The Marlins recorded their 14th comeback win and seventh walk-off and it was all thanks to what Lucas called the "goon squad," otherwise known as the Marlins' bench.
"They don't get a lot of at-bats but they play a huge role," manager Mike Redmond said. "You saw that tonight."
Pinch-hitter Jeff Baker, who was batting at a .198 clip off the bench before Tuesday, led off the inning with a single off Phillies reliever Justin De Fratus. Baker advanced to second on Christian Yelich's sacrifice bunt.
With Giancarlo Stanton on deck, De Fratus tried to go after Lucas but got himself in a bind with two straight balls. Although he bounced back to a 2-2 count, Lucas figured De Fratus would throw a fastball. And he did, which gave Lucas the chance to hit the pitch over the head of first baseman Ryan Howard and down the right-field line, leaving Marlon Byrd unable to make a play and Baker able to score the winning run.
"I faced De Fratus a couple times and he has a good slider -- and I knew that -- but I also knew I had the big guy [Stanton] behind me and he probably didn't want to walk me," Lucas said.
The Marlins have now won each of Henderson Alvarez's last nine starts. That matches the club record set by Chris Hammond in 1993, when the team won all nine of Hammond's starts from May 19 to July 22.
But it wasn't all good for the Marlins.
A pair of two-out, solo homers off reliever Kevin Gregg in the eighth inning, when the Marlins were up 4-2, were enough to undo the work Stanton and Alvarez had done to keep the Marlins from extending their losing streak to five games.
While Alvarez gave up just two runs in seven innings, Stanton had a 2-for-3 night that included two walks (one intentional), a strikeout and his 61st RBI of the season. That gave him his league-leading 30th multi-hit game of the year.

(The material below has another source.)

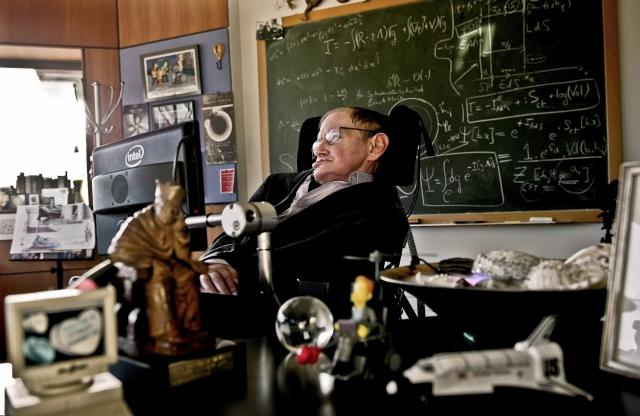 Stephen Hawking: Omenirea este ameninţată de un război nuclear devastator. Ca să scape, trebuie să colonizeze spaţiul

If on-field performance is anything to go by, Stanton didn't seem bothered by rumors that he was on the trading block before the game. He drove in the Marlins' go-ahead run in the fifth inning and ended up scoring the team's fourth run of the game on a wild pitch with two outs.
And the threat of him causing more damage was the key to Lucas' heroics in the three-hour, 37-minute contest. Since the Phillies walking Stanton was inevitable, Redmond called for Yelich to bunt and get a runner in scoring position. If Lucas made an out, Stanton would have gone to first, but at least it would have brought up Casey McGehee, who was the last Marlin to hit a walk-off in the 10th inning against the Pirates on June 15.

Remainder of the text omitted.